In: Business and Management

Submitted By celineyyy
Words 2738
Pages 11
Can We Expect A Regulated CDS Market?
Derivatives Project
Xilin Yang (Celine)

The article introduces credit default swaps and explores the problems of the credit derivatives. By analyzing the AIG’s bailout, the article describes the regulation gap in the CDS market and states the regulation reform after the crisis. Part I is background, generally introduces the Wall Street crisis. How it happened? What consequence it has? Part II is mainly about AIG’s CDS business: how AIG got involved in the crisis and why the biggest world insurance company suddenly collapsed. Part III is about credit default swaps: definition, construction, and problems. Part IV is concerned on the regulation reform after AIG’s failure.

Wall Street Crisis
Speaking of the Wall Street crisis, people all know it proceed from subprime crisis. The relatively low interest rate prompts banks to issue large amount of housing loans. To transfer default risk embedded in those loans, investment banks package those loans and mortgages into student loans, car loans and credit card debt, which form the so-called collateralized debt obligation (CDOs). All these derivatives depend on the housing loans. In the era of low interest rates, house prices rise rapidly and promote the rapid development of the housing loans business. With steady stream of housing loans into financial derivatives products, different ranks of products are packaged to sale out. The good view of economy makes those potentially risky CDOs popular with retirement funds. Lenders didn’t care anymore about whether a borrower could repay; the investment banks earned more money on selling more CDOs; the rating agencies had no liability if their ratings of CDOs prove wrong. Everyone in this securitization food chain made money. Ever one was happy until the market for CDOs collapsed.

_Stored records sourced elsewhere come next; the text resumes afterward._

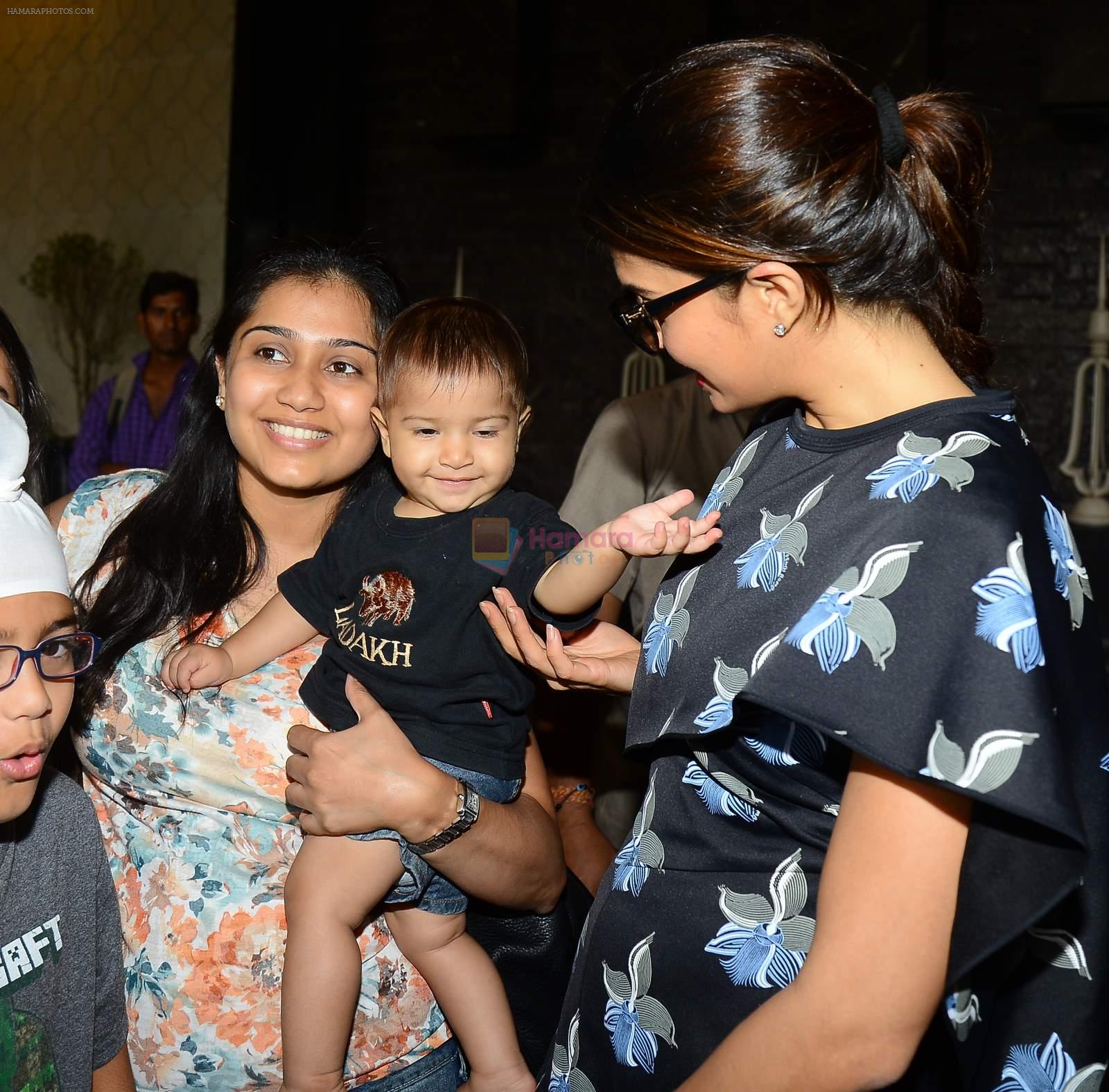 Jacqueline Fernandez's cutest moment snapped at a mall on 12th June 2015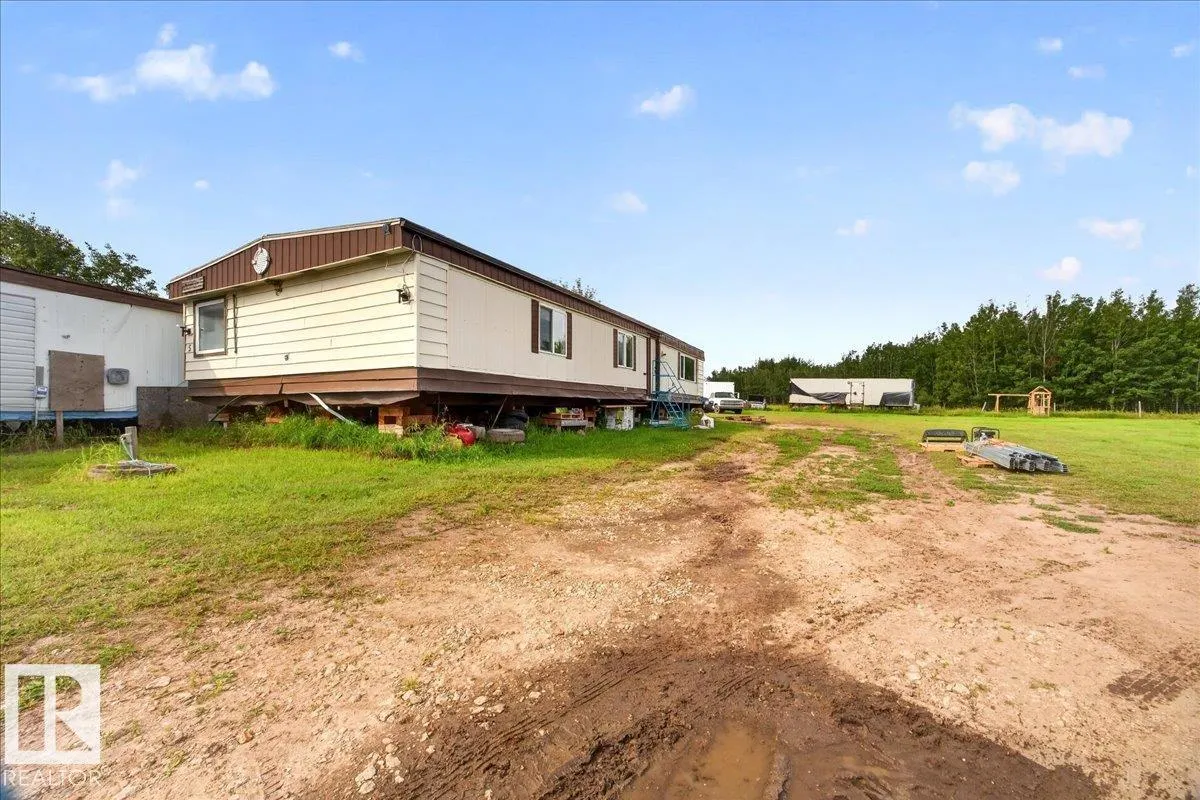 57008 RGE ROAD 10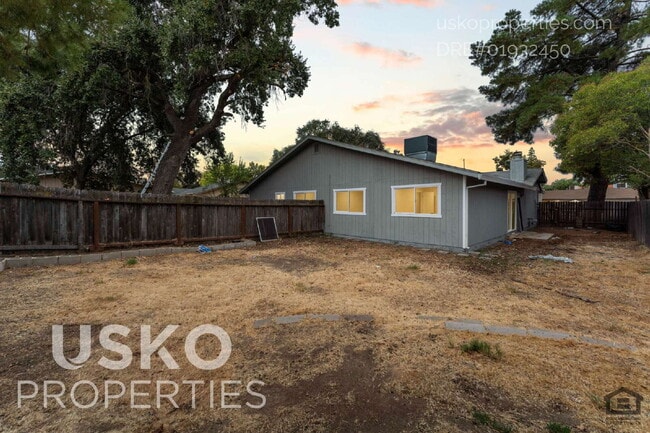 Building Photo - 5012 Lorijo Way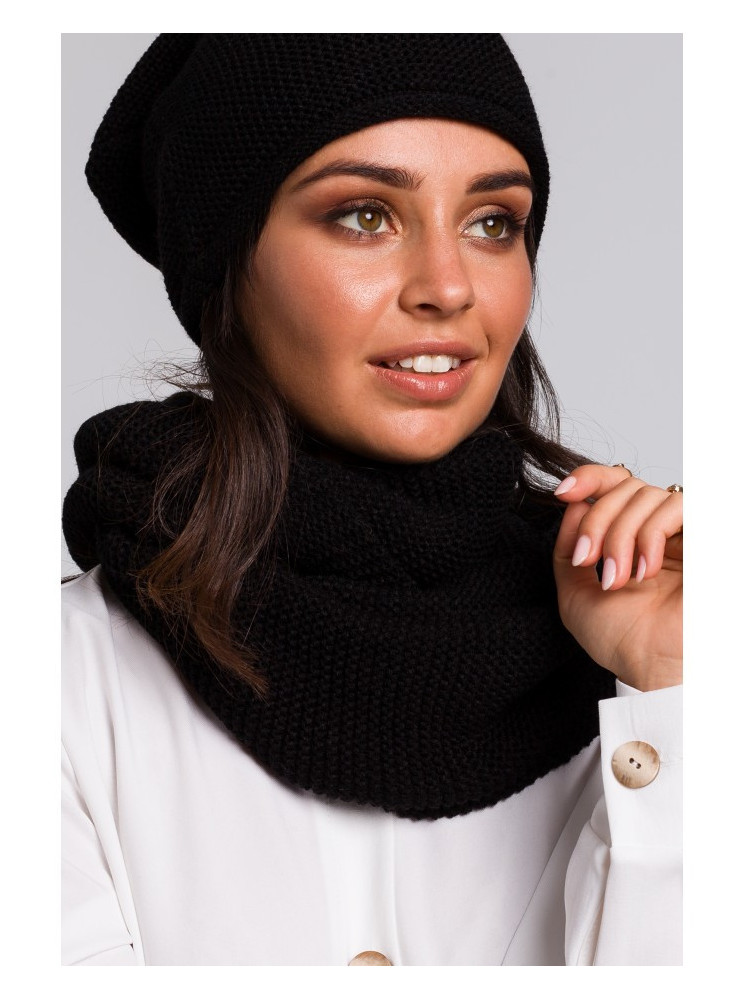 BK042 Apskritas šalikas - juoda
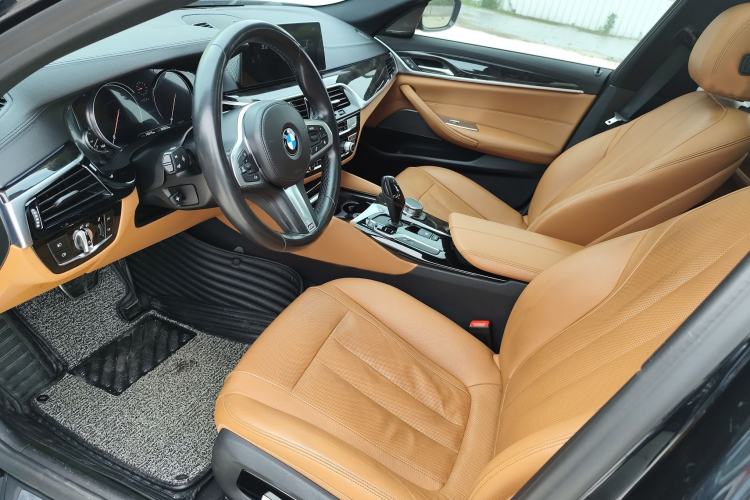 Used BMW 5 Series 2018 Facelifted 530Li xDrive M Sport Package Left Front Seat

By 2008, home foreclosures were skyrocketing, and the securitization food chain imploded. In March 2008, the investment bank Bear Stearns ran out of cash, and was acquired for $2 a share by JPMorgan Chase. On September 7, 2008, Treasury Secretary Henry Paulson announced the federal takeover of Fannie Mas and Freddie Mac, giant lenders on the brink of collapse. On September 12, 2008, Lehman Brothers had run out of cash, and the entire investment-banking industry was sinking fast. Merrill Lynch was also on the brink of failure. Several major financial institutions failed during this tragedy. AIG is the only one insurance company.

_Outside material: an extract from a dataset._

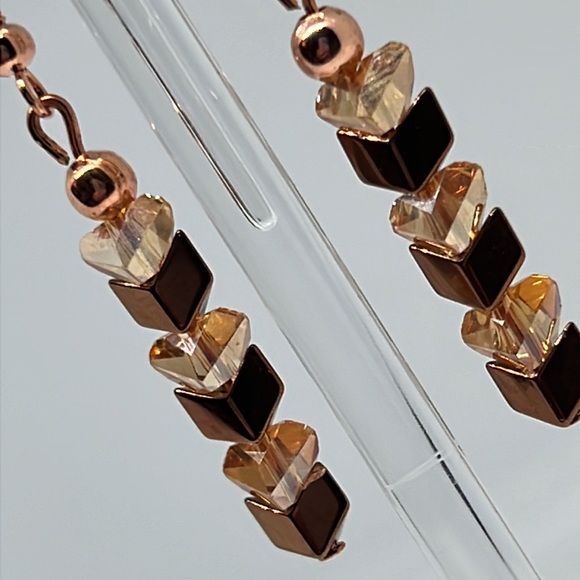 Rose Gold Chevrons. - Picture 3 of 5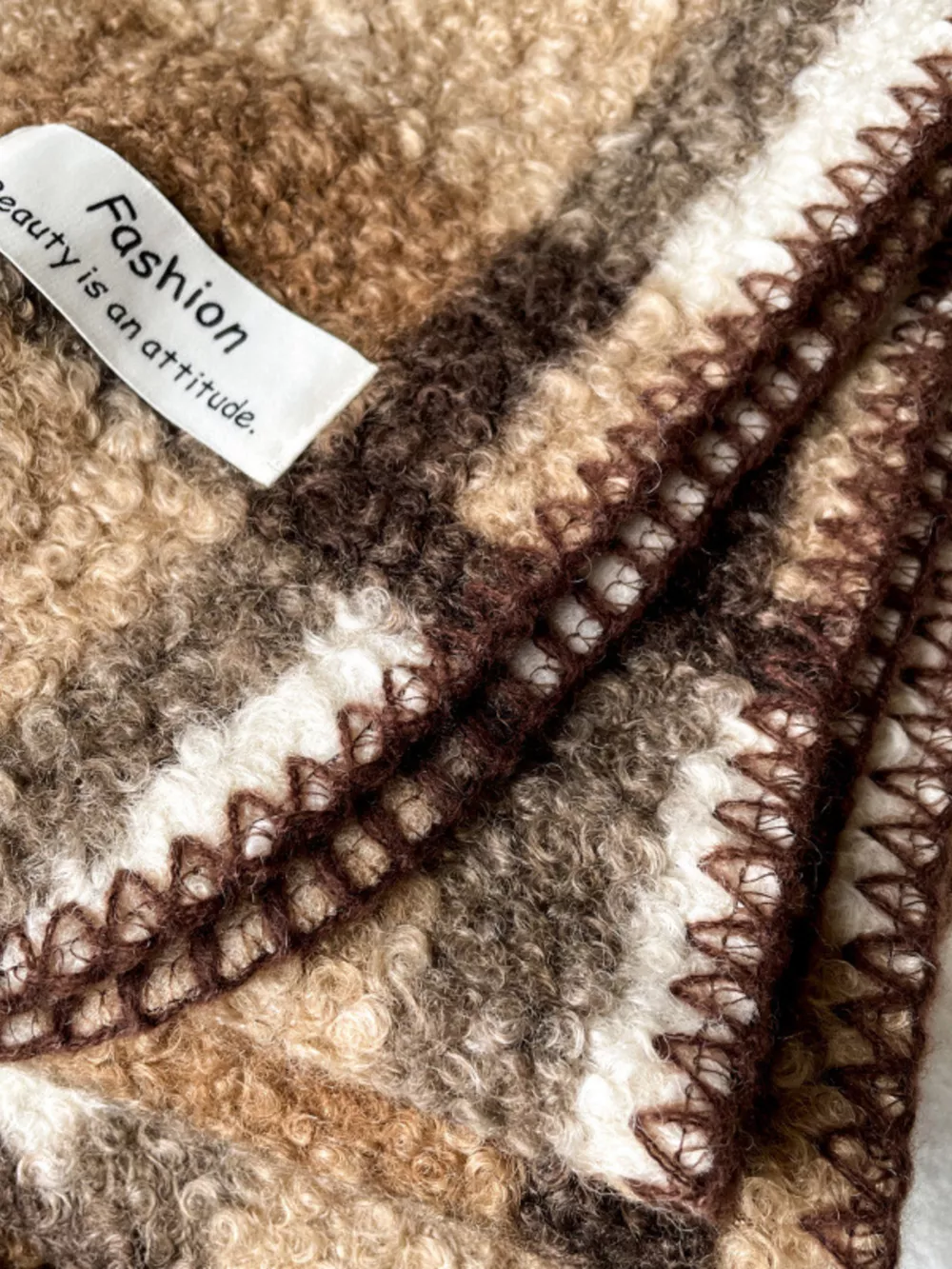 Cozy Plaid Knitted Scarf, image 7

AIG’s CDS Business * How AIG involved in financial crisis?
There is no problem with AIG’s insurance business. What pull AIG into the abyss is its subsidiary—AIG Financial Products Corporation (AIGFP). AIGFP issue a large number of credit default swaps (CDSs) on super senior tranches of multi-sector collateralized debt obligations (CDOs.)
For investors who own CDOs, credit default swaps work like an insurance policy. An investor who purchased a credit default swap pays AIG a quarterly premium. If no credit event occurs the protection seller retains the premium payment, while when the CDOs goes bad, AIG promises to pay the investor for their losses.

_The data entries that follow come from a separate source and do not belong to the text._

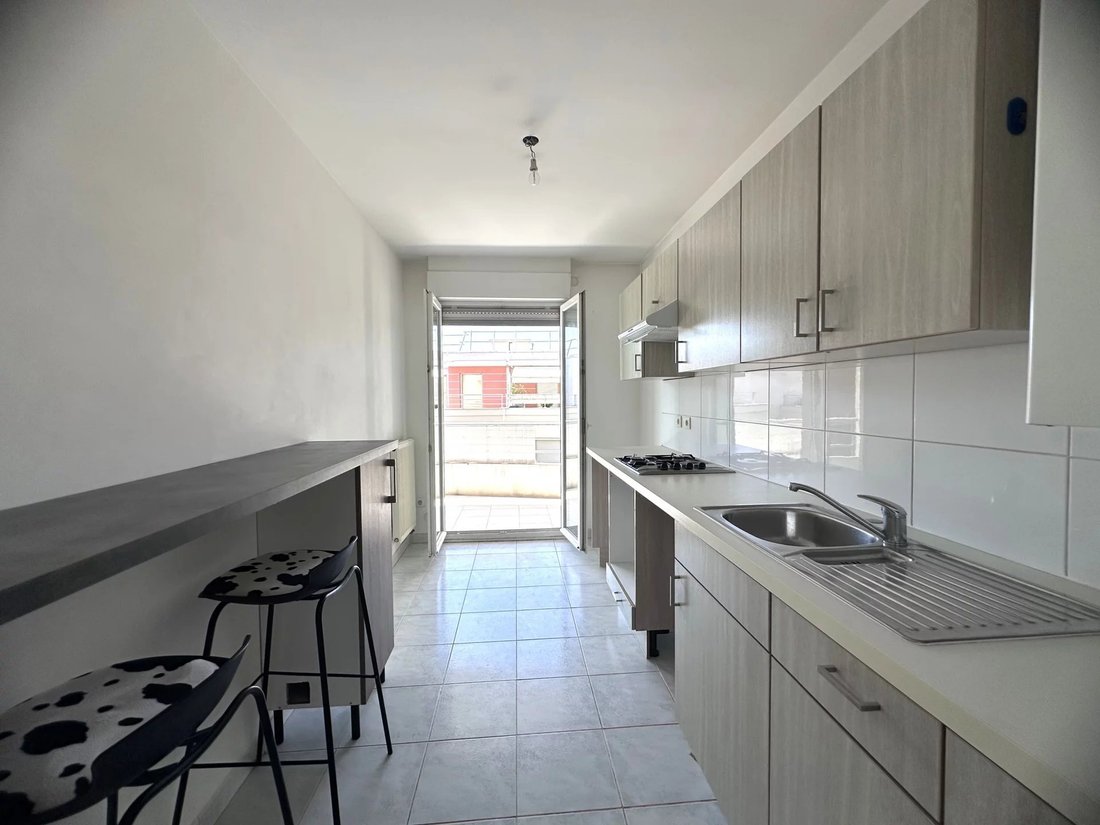 Apartment in Saint-Laurent-du-Var, Provence-Alpes-Côte d'Azur, France 5 - 18806835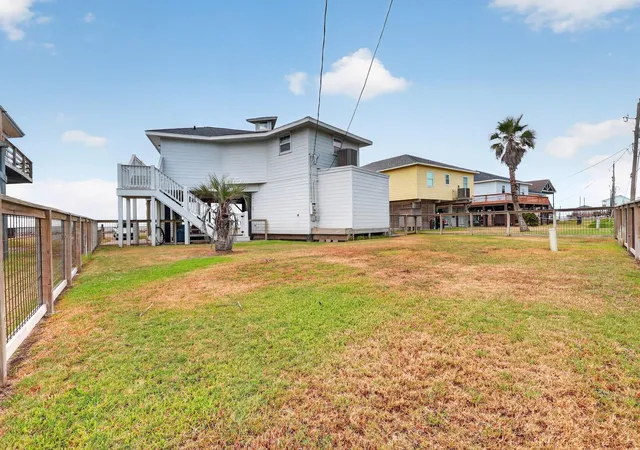 34th image of 914 Beach Dr, Freeport, TX 77541 | MLS# 30022916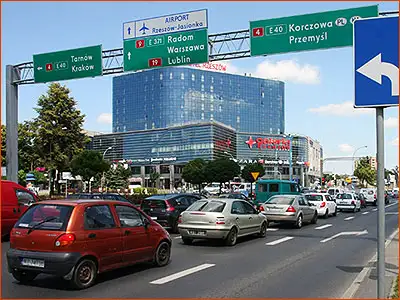 tablica nad jezdnią wskazuje kierunki do miejscowości
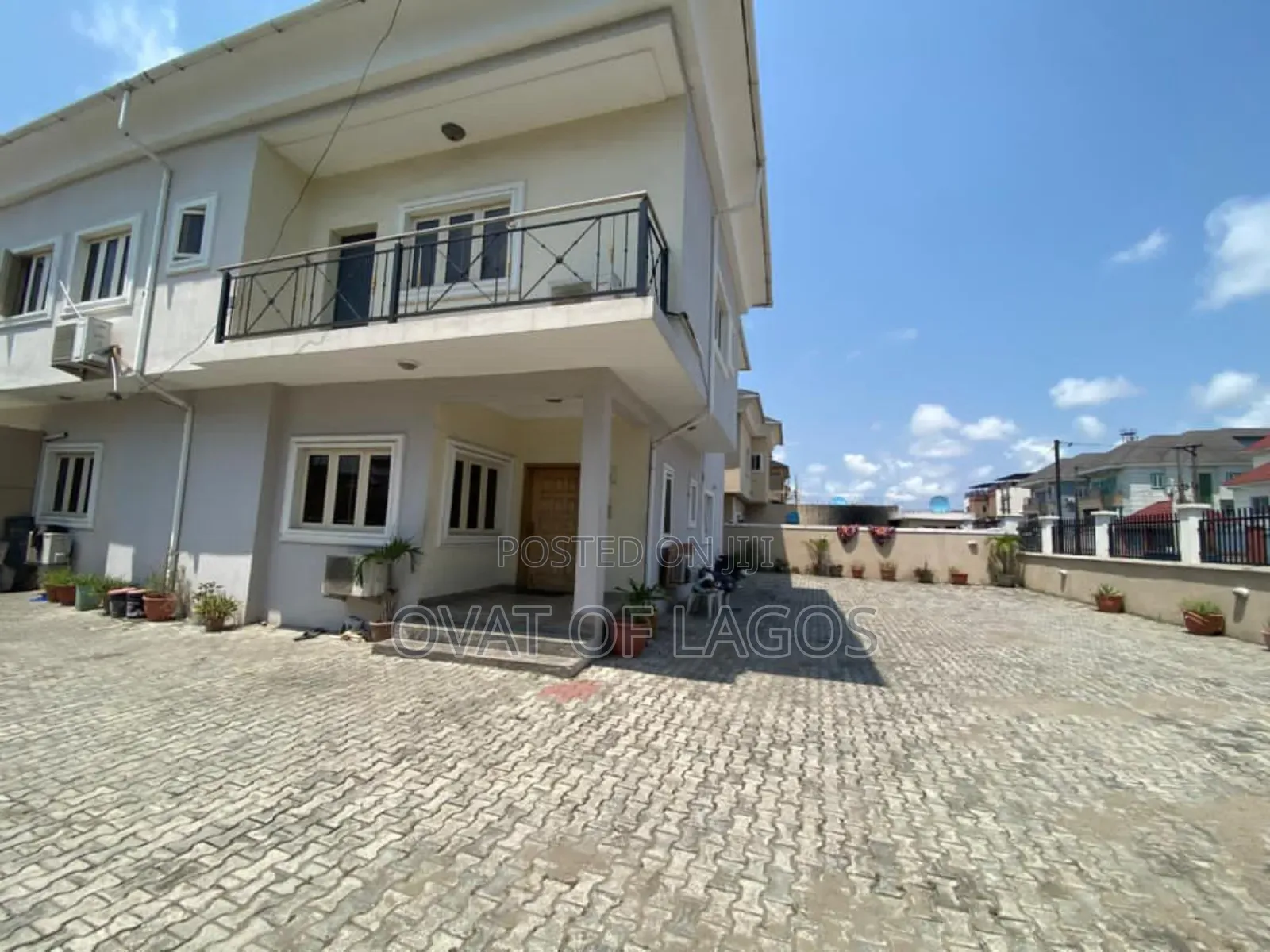 5bdrm Duplex in Lekki Phase 1 for rent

Selling CDS became a significant and profitable business for AIG. AIG’s Financial Products division in London issued $533 billion worth of credit default swaps at the year-end 2007, many of them for CDOs backed by subprime mortgages. Investors welcome CDS, since they didn’t need to worry about counterparty credit risk any more. Eventually they would get compensation no matter what happened. Banks are also interested in buying CDS to convert their assets into triple-A rate assets. Approximately $379 billion of AIGFP’s CDS were written to provide European financial institutions. Under regulation, European lenders, especially banks, have to set aside reserve to cover the potential losses on their loans. By owning CDS, they off-loaded the risk to AIG.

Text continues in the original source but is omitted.